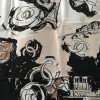 CHANEL "Paris" beige and black silk scarf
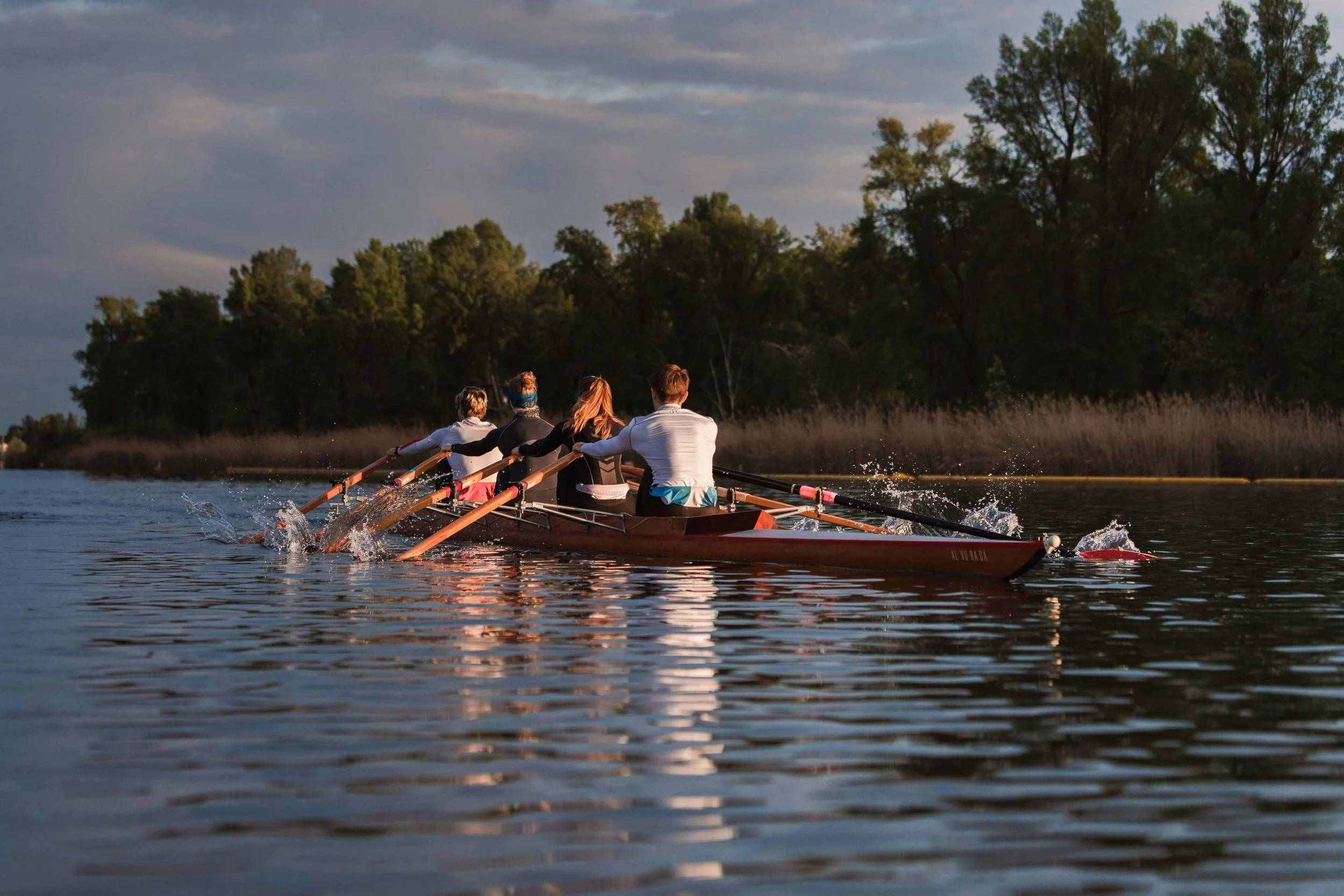 Eine Gruppe von vier Menschen beim Rudern auf einem Fluss, umgeben von Bäumen und bewölktem Himmel.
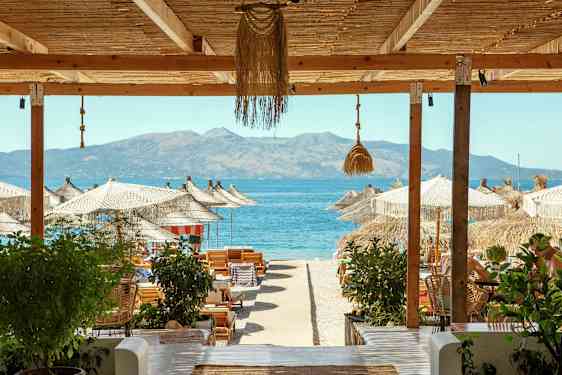 Strandudsigt med parasoller, liggestole og havet i baggrunden. (AI-genereret tekst)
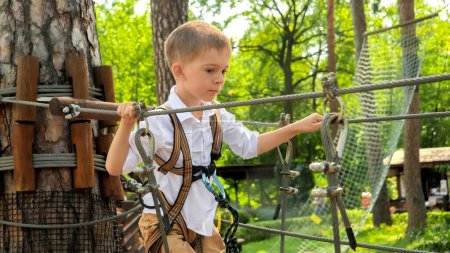 Téléchargez les photos : Portrait de mignon petit garçon marchant sur le pont de corde tout en s'amusant dans le camp scout. Enfance active, mode de vie sain, enfants jouant à l'extérieur, enfants dans la nature - en image libre de droit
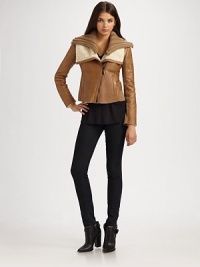 A closely-cropped silhouette of rich leather, finished with lush shearling trim and a removable knit collar.Genuine natural shearling collar with removable knit layerAsymmetrical front zipperWelt pocketsWool knit panelsAbout 20 from shoulder to hemLeather body; wool/acrylic panelsDry clean by a leather specialistImportedFur origin: UruguayPlease note: Due to the natural nature of the shearling A closely-cropped silhouette of rich leather, finished with lush shearling trim and a removable knit collar.Genuine natural shearling collar with removable knit layerAsymmetrical front zipperWelt pocketsWool knit panelsAbout 20 from shoulder to hemLeather body; wool/acrylic panelsDry clean by a leather specialistImportedFur origin: UruguayPlease note: Due to the natural nature of the shearling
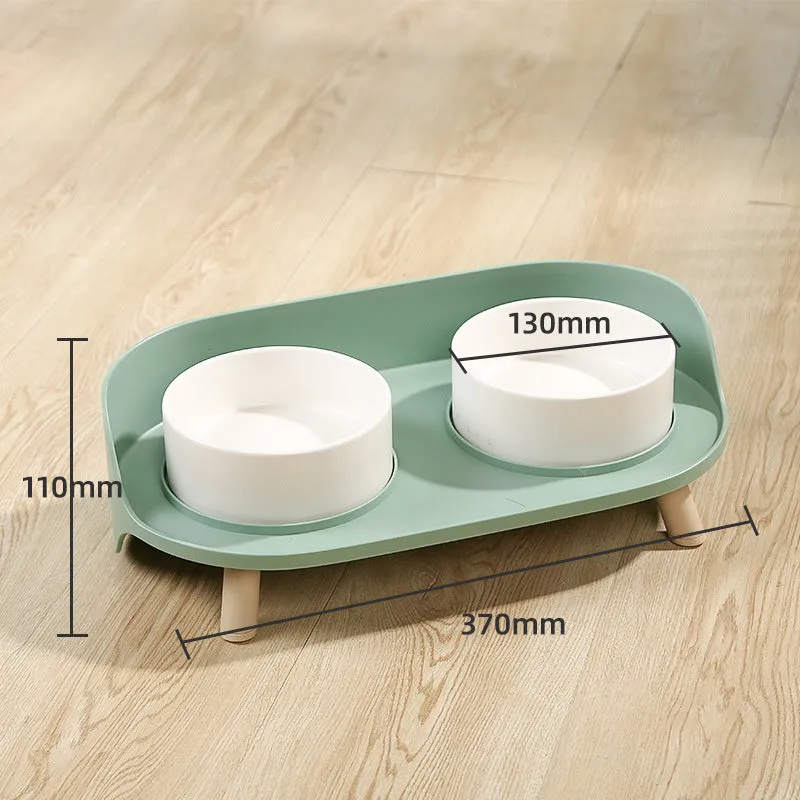 Green and white adjustable tilted pet feeding bowl with dual food and water compartments for cats and dogs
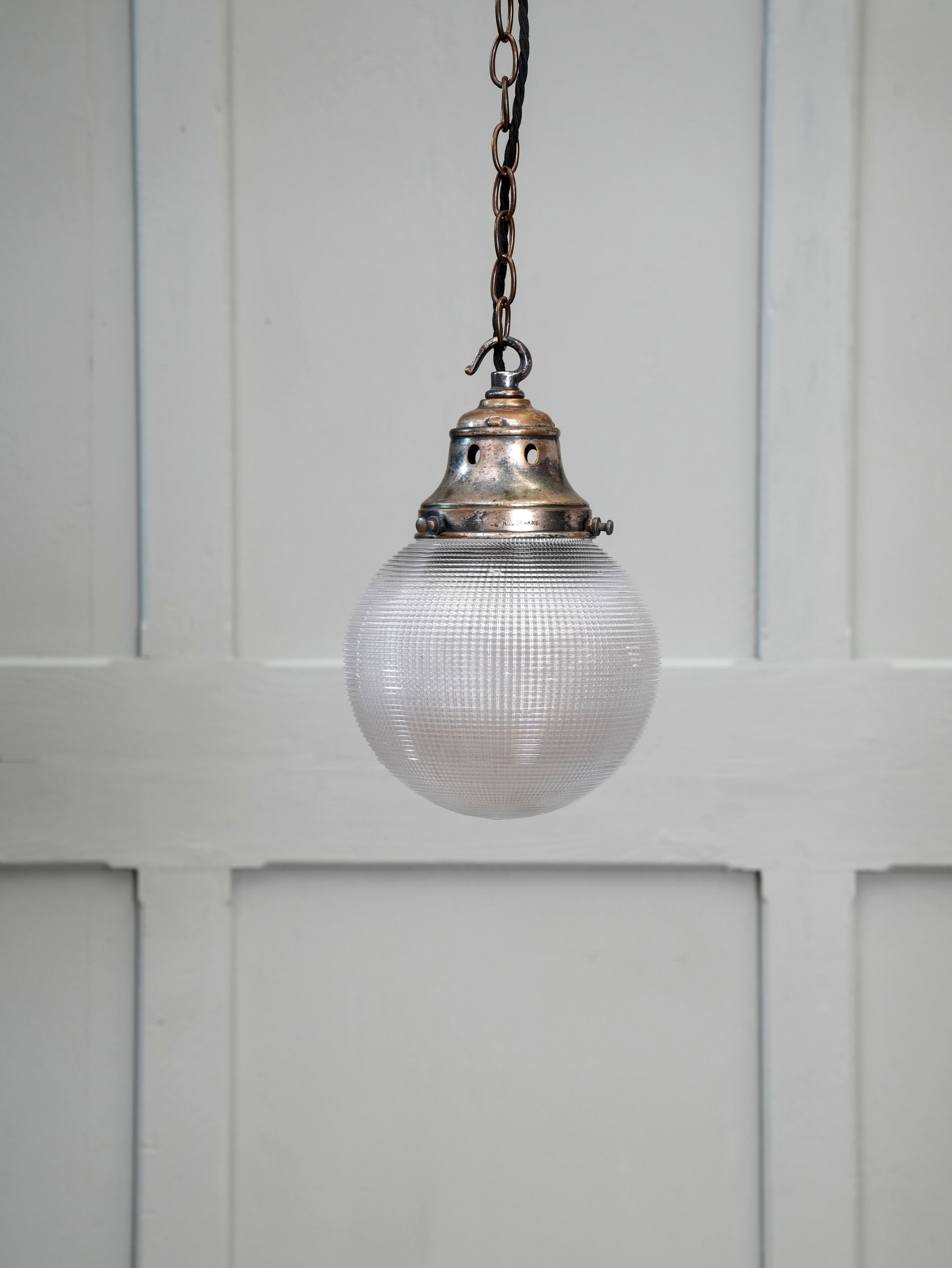 A Single Holophane Globe Pendant Light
□ □ □
> WHAT TO WORK ON: Leaving out every picture, repeat exactly the lines of the records from the start through the line that has "Strandudsigt med parasoller, liggestole".

> OUTPUT OF THE TASK:
 CHANEL "Paris" beige and black silk scarf
 Eine Gruppe von vier Menschen beim Rudern auf einem Fluss, umgeben von Bäumen und bewölktem Himmel.
 Strandudsigt med parasoller, liggestole og havet i baggrunden. (AI-genereret tekst)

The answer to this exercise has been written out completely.